Ce travail à quatre mains avec son épouse a atteint sa plénitude en 1900, lorsque Alexander Koch, patron du magazine allemand Innendekoration, lance un concours international sur le thème de la conception d’une « maison pour un amoureux des arts ». Plus de soixante ans après la disparition de Mackintosh, la House for an Art Lover sera bâtie à Glasgow d’après les consignes techniques et les dessins laissés par Charles et Margaret. On peut aujourd’hui parcourir cette utopie conçue comme un matériel à dessiner. Les œuvres sont en effet littéralement greffées dans les meubles, les murs, les plafonds, les escaliers.
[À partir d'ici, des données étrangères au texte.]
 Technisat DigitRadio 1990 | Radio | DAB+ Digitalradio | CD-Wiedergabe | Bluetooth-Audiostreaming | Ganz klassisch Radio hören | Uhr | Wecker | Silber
Gravé, sculpté dans l’étain ou peint de graines, d’entrelacs de feuillages et de roses, de symboles sexuels mal cachés, l’intérieur est un hymne à l’amour. Lignes pures, légères, travail sur la lumière, le couple s’affranchit des codes. L’architecture moderniste s’exprime dans les volumes, l’éblouissement du noir et du blanc crémeux, les lanternes en fer forgé, les vitraux opalescents travaillés comme des bijoux. Pas de moulures victoriennes ici, mais des plafonds de bois noir, des meubles fonctionnels encastrés, des pochoirs semés de cœurs. Ainsi que, dans le salon, 24 médaillons en plâtre sur le thème de la rose, réalisés d’après deux modèles esquissés par l’architecte.
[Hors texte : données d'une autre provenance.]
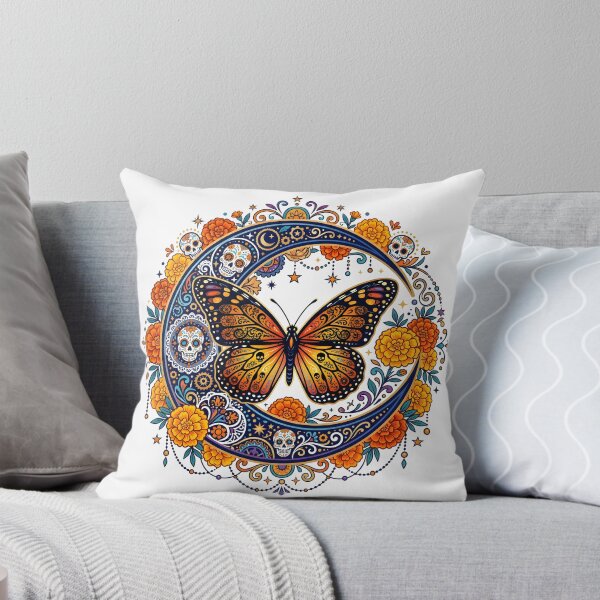 Item preview, Sugar Skull Butterfly and Crescent Moon - Dia de los Muertos Art designed and sold by BobaBunny76.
Enfin, le morceau de roi : la resplendissante salle de musique laiteuse, rythmée de baies cintrées (une première à l’époque) et dotée d’un piano à queue sous un baldaquin rehaussé de colombes. Dans la galerie supérieure sont exposés des dessins de la maison réalisés par Mackintosh lui-même. Depuis le parc, la façade présente deux gardiens postés autour d’un arbre de vie… sculpture d’un couple figé dans l’amour.
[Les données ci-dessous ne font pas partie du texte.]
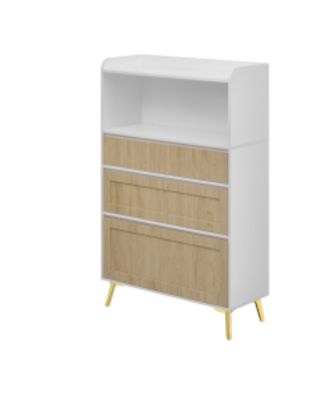 White Wood 3-Drawer Storage Cabinet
Dans la même veine, on se rendra au Hunterian Museum pour y découvrir un fac-similé de la maison du couple (détruite au début des années 60), qui s’élevait à Glasgow au 6 Florentine Terrace, devenu ensuite 78 Southpark Avenue. Dans cette reconstitution poétique et radieuse d’après des photos et des descriptions d’époque, on retrouve l’emploi du noir et blanc égayé d’un trait de parme, de rose ou de gris, les panneaux et les pivoines, les miroirs et les motifs « Rose blanche et Rose rouge » de Margaret. À l’étage, la chambre conjugale, virginale, et celle des amis, avec ses jeux complexes de rayures bleues et blanches.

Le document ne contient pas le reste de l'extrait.